_About this exercise_
Using the data below, show every line where the word "windows" occurs.

_Extracted data_
★ ★ ★ ★ ★ ★ ★

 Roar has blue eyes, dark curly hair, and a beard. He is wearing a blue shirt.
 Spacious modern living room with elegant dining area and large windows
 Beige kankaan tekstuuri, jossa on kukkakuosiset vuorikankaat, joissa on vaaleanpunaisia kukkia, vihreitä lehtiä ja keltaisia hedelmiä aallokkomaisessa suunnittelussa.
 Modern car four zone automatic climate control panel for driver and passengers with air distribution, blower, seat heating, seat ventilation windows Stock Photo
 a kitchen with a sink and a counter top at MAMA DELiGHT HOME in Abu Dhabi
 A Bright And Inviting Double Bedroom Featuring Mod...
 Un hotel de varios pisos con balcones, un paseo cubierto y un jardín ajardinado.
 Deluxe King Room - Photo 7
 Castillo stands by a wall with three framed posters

★ ★ ★ ★ ★ ★ ★

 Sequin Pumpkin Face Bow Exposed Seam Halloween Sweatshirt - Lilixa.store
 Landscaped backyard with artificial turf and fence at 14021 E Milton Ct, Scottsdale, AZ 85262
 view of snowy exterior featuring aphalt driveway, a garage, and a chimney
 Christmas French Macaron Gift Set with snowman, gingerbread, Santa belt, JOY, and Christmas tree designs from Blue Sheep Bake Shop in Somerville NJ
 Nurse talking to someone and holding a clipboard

★ ★ ★ ★ ★ ★ ★

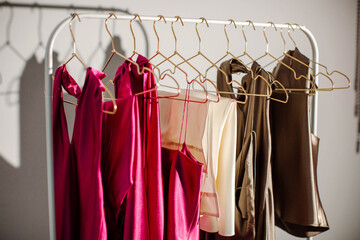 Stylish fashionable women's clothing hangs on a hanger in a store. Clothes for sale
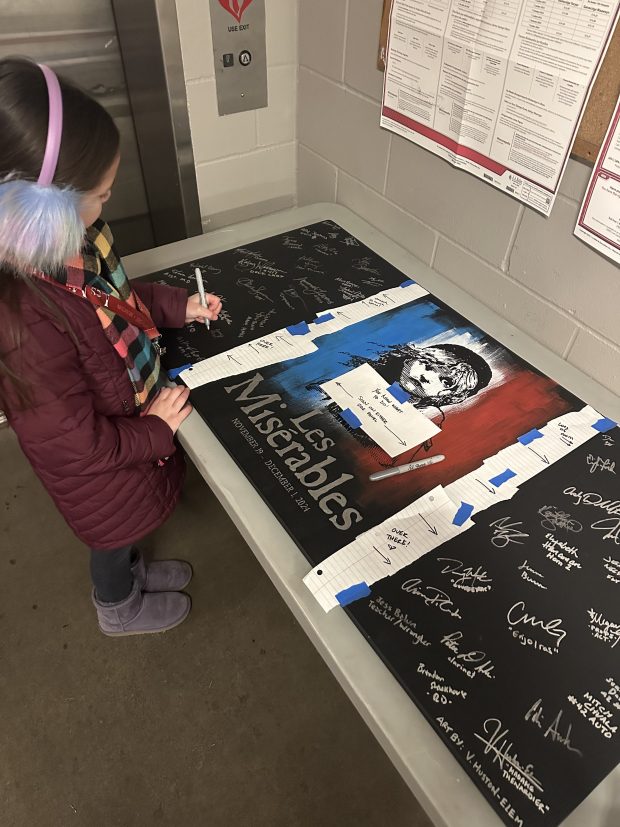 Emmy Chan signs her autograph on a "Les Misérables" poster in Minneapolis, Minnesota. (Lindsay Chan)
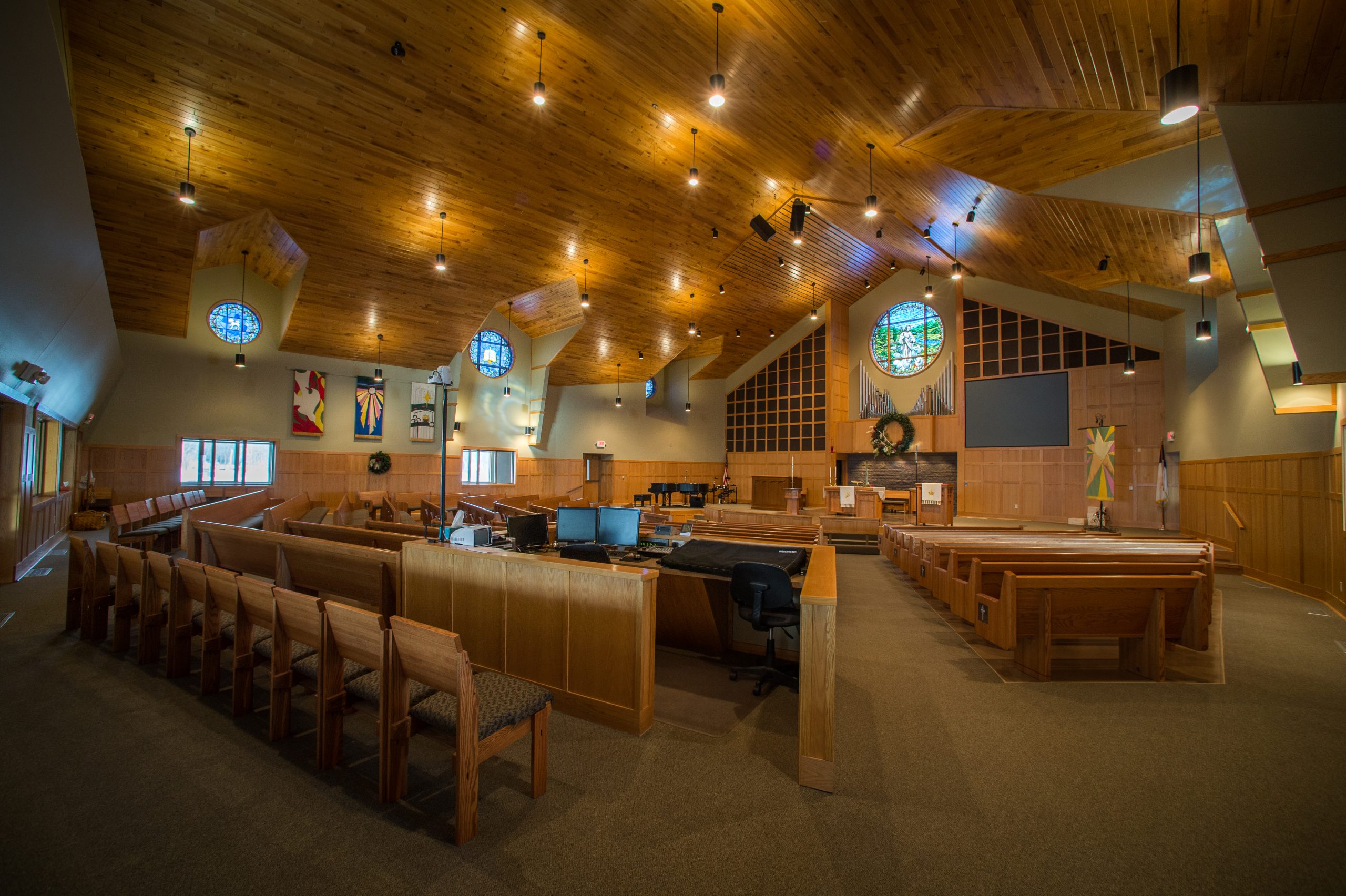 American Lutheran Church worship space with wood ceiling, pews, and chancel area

★ ★ ★ ★ ★ ★ ★

_Written reply_
 Spacious modern living room with elegant dining area and large windows
 Modern car four zone automatic climate control panel for driver and passengers with air distribution, blower, seat heating, seat ventilation windows Stock Photo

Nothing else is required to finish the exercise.